Did more than half of the men on the committee wear blue?

1 st statement is clearly Insuff...
2nd statement says 50% wear blue, hence "MORE" than 50% are definitely not wearing blue, even if all 50% are assumed to be men...hence answer to the question in No...SUFFICIENT.

Hence-B 2nd statement alone.

If we combine both statements, we have two extreme cases, either all the men wore blue or none of them wore blue. In both cases, the number of men wearing blue is equal to or below 50%. Hence, the answer should be C.

Hi, I can feel where u r heading to...a nice thought. However, what u may b trying to say can b deduced from B alone....

Thanx

Hi,

Your reasoning is on the right track. However, you are missing the point that 50% of the committee members and 50% of the male members on the committee are two different groups.

Second statement says that 50% of the committee members wore blue. That means if there are 100 members, 50 of them wore blue. But if there are 40 male members in the committee and 30 of them wore blue then more than 50% of the male members wore blue but for the committee still only 50% are wearing blue.

Hence the correct answer here would be E.

Hope all of the above makes sense.

Hi,

I do not think you are applying the right course of reasoning. There are no extremes here. Sure, the group of men is a subset of members of the committee. However, even if all the men on the committee are wearing blue, it could be less than 50% of the committee which is wearing blue.

For ex, if there are 30 men and all of them are wearing blue, and there are 100 members on the committee.
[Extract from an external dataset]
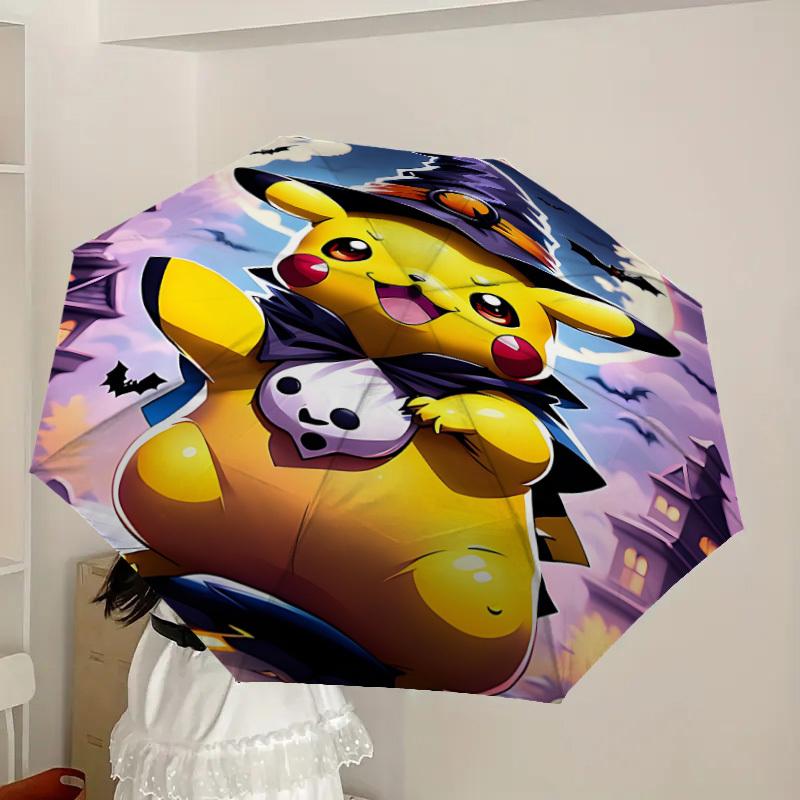 1pc Halloween Pikachu Automatic Folding Umbrella] Durable Iron Frame & Rod, Portable Folding, Makes a Great Holiday Gift yy251016282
Then, 100% of the male members are wearing blue, whereas not even 50% of the committee members are wearing blue. (Assuming that only the male members are wearing blue for the sake of this example)

Forget conventional ways of solving math questions. In DS, Variable approach is the easiest and quickest way to find the answer without actually solving the problem. Remember equal number of variables and independent equations ensures a solution.


Committee | Male | Female
-------------------------------
....Blue.....|.. \(a\)...|... \(b\)..
-------------------------------
....Other....|...\(c\)...|...\(d\)..
-------------------------------
\(a + b + c + d = 100\)

There are 4 variables and 1 equation. Thus the answer E is most likely.

1) \(a + c = 50\)
2) \(a + b = 50\)

The questions asks if \(\frac{a}{a+c} > \frac{1}{2}\).

When we consider both conditions 1) and 2), we can't identify the value of \(a\) from two equations \(a + c = 50\) and \(a + b = 50\).
Therefore, the answer is E.

For cases where we need 3 more equations, such as original conditions with “3 variables”, or “4 variables and 1 equation”, or “5 variables and 2 equations”, we have 1 equation each in both 1) and 2). Therefore, there is 80 % chance that E is the answer, while C has 15% chance and A, B or D has 5% chance. Since E is most likely to be the answer using 1) and 2) together according to DS definition. Obviously there may be cases where the answer is A, B, C or D.